As with all scripts, be wary of simply downloading someone elses code and running it. Always read through the script to at least see if it makes sense or is a bunch of obfuscate code that hides disasters inside. My go-to rules is if a script doesn't have comments, I won't bother figuring out unless it is absolutely essential. A script executed incorrectly can cause all sorts of pains, like deleted data or broken systems.

Batch script for handling folders with PDFs

The original script worked with a single PDF and folder. Which means it is a lot of work to convert all PDFs manually. Automation is nice. Hence a batch script that navigates through folders and processes PDFs in each sub-folder to generate HTML slideshows in each of those folders.

Some nice to have features that make this chore convenient is ignore git folders so that the script can be safely run on folders with version control or other hidden folder. Another feature is checking if a HTML slideshow already exists - and if yes ignoring that PDF to avoid repeating processing.

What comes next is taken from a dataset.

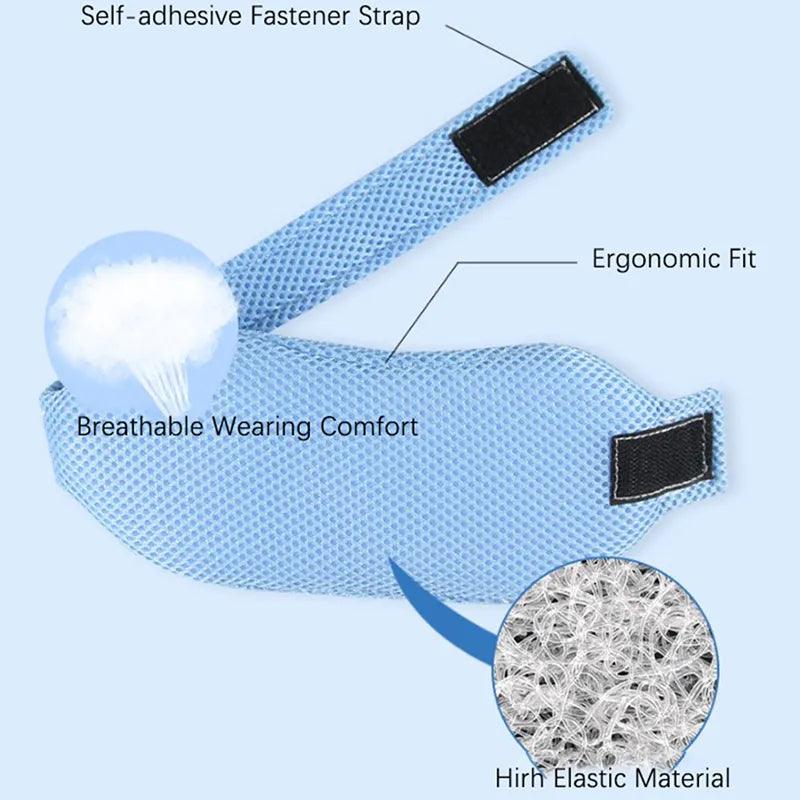 Anti Snore Chin Strap For Men Women Adjustable Stop Snoring Sleep Neck UK Brace Anti Apnea Jaw Solution Sleep Support Sleeping Care-univazo- and 9806439153930, Anti Snore Chin Strap For Men Women Adjustable Stop Snoring Sleep Neck UK Brace Anti Apnea Jaw Solution Sleep Support Sleeping Care, , univazo, univazo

It is also possible to generate an index page by using the tree command which automatically generates a HTML page with hyperlinks to files. The following example creates a tree listing for the folder. Clicking on the index.html link or the folder will open the HTML slideshow, while clicking on the other files will download them.

$> tree -r -I '*.png' -H '<URL>' > page.html

The use of parameters is as follows:

  • -r sorts the items in reverse order; for folders organised by year this will cause the most recent year to be listed first.
  • -I '*.png' will ignore all PNG files in the folder. This helps clean up the images and only list the 'slideshow' or 'download' files.
  • -H URL specifies HTML as the output and indicates the URL (which can be absolute or relative) for hyperlinks to files. A good option is to generate the output file in the same folder and use relative links (./) so the folder can be hosted anywhere.